I’ve never been a huge fan of beets. I’ve only tried them a few times, and they always taste like slightly sweet clods of dirt (which is essentially what they are). Not ideal. But I keep seeing them pop up in fancy restaurants and cookbooks, so I finally decided to give roasting beets a shot as part of my crash course in fine dining. Turns out, roasting beets is really easy. I thought the peeling and cutting would be a chore, but since I chose small beets that were very fresh, it was just as easy as cutting potatoes.
I just tossed them with salt, pepper, and olive oil, spread them on a sheet tray, and roasted them for about 40 minutes at 400F, stirring occasionally. I did keep the colors separate because red beets are notoriously staining and I wanted to retain the rainbow effect. I was surprised at how easily the dye came off my cutting board and hands, but if you have problems, America’s Test Kitchen recommends using whitening toothpaste to remove stains. I actually was listening to an episode of ATK in which they made beets (and gave that tip) as I was making these, so, thanks guys!
Meanwhile, I made the citrus vinaigrette. Very simple: it’s equal parts olive oil and citrus juices (I used orange, lemon, and lime), shaken together with the zest of all three fruits and some salt and pepper (please zest before cutting and juicing… just trust me).

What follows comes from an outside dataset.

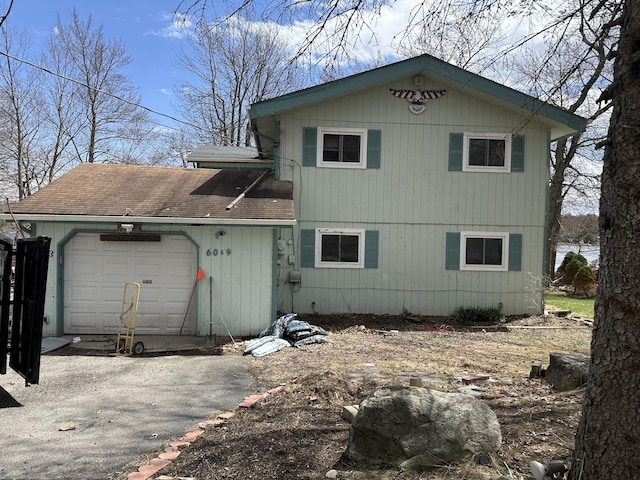 6069 Boardwalk Dr, Tobyhanna, PA 18466 - rear view of house featuring a garage, driveway, and a shingled roof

The roasted beets came out of the oven softened but not squishy, browned on the edges, and just barely sweet. The citrus vinaigrette was in stark contrast to the beets and prevented the beets from being overwhelmingly earthy. My boyfriend ate a whole bowl and even admitted sort of liking them! It was a lovely appetizer for a fancy date night- and very healthy too! The vinaigrette provided plenty of vitamin C and some unsaturated fat, and the beets are full of fiber, vitamin C, iron, and antioxidants (those vibrant colors have to come from somewhere!).
So if you are a former beet-hater like me, give these a try!
- 1 pound beets of any color
- 4 Tbsp olive oil
- Salt and Pepper
- 1/2 cup olive oil
- Zest of 2-3 citrus fruits
- Juice of 2-3 citrus fruits
- Salt and pepper
- Preheat oven to 400F. Peel and cube the beets.
- Spread beets on a sheet pan covered in foil and toss with oil, salt, and pepper.
- Roast for 30-40 minutes, stirring occasionally.
- Combine all vinaigrette ingredients in a shaker and shake to combine.
- Toss the beets in the vinaigrette and serve with the rest of the vinaigrette on the side.